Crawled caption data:
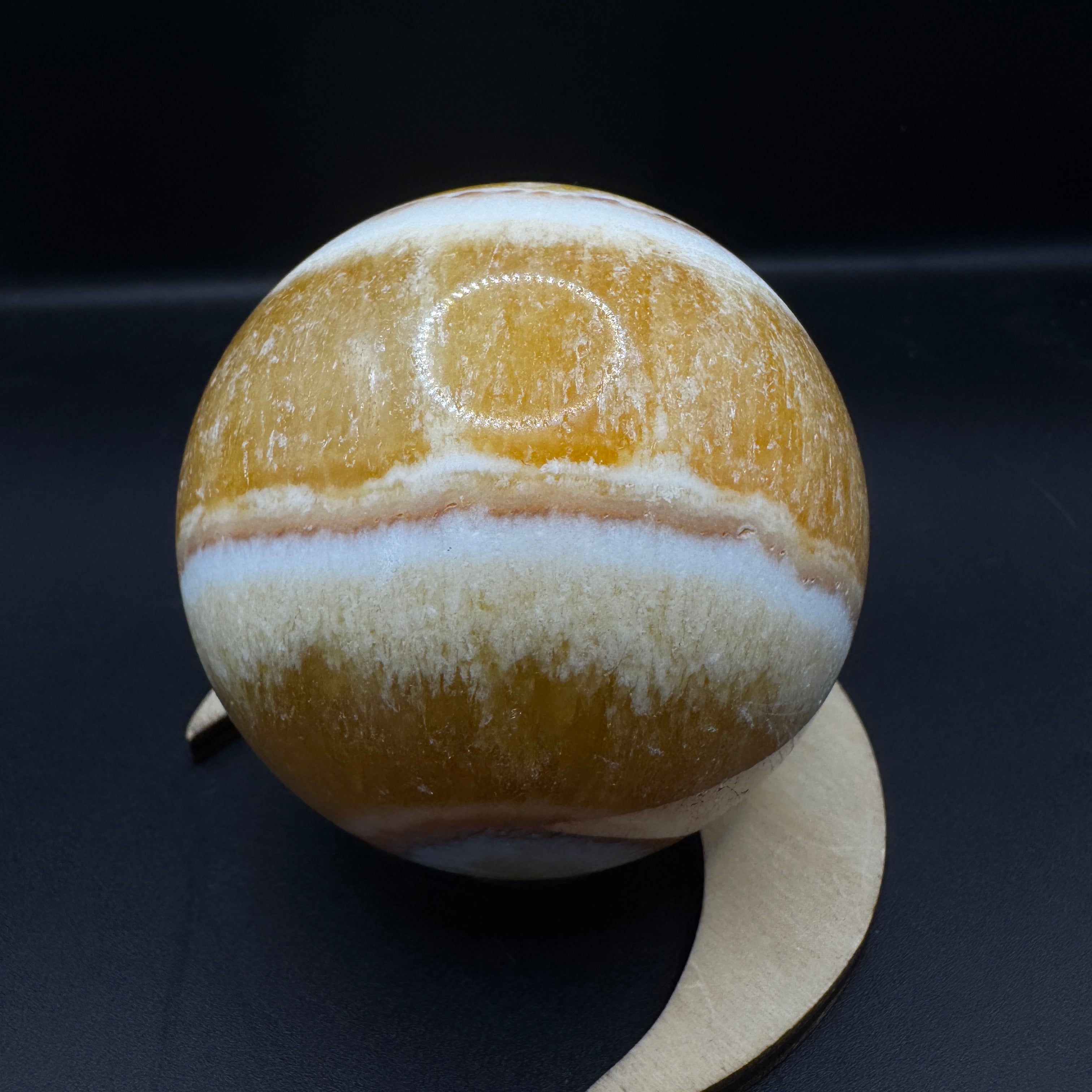 Orange Calcite Sphere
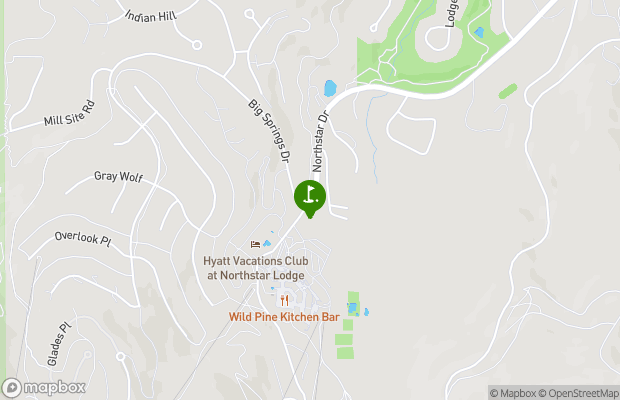 Northstar At Tahoe Golf Course map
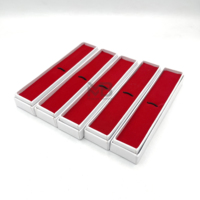 Boîte de pince à épiler simple enduit de papier blanc en gros emballage pince à épiler extension de cils outils de cils logo privé fournisseur personnalisé rouge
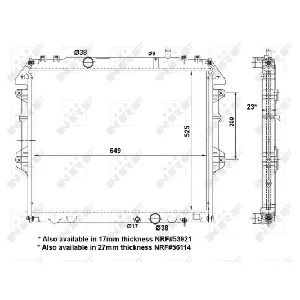 Hladnjak, hlađenje motora NRF NRF 53921A IC-DEB3D2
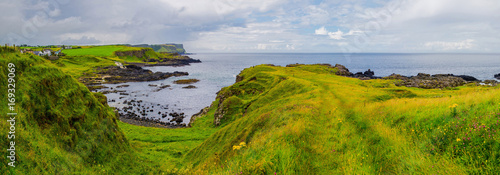 Panorama of Dunseverick Fal...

--- What you should do ---
All entries, top to bottom, should be retyped exactly; the pictures should not be.

--- Response for this exercise ---
 Orange Calcite Sphere
 Northstar At Tahoe Golf Course map
 Boîte de pince à épiler simple enduit de papier blanc en gros emballage pince à épiler extension de cils outils de cils logo privé fournisseur personnalisé rouge
 Hladnjak, hlađenje motora NRF NRF 53921A IC-DEB3D2
 Panorama of Dunseverick Fal...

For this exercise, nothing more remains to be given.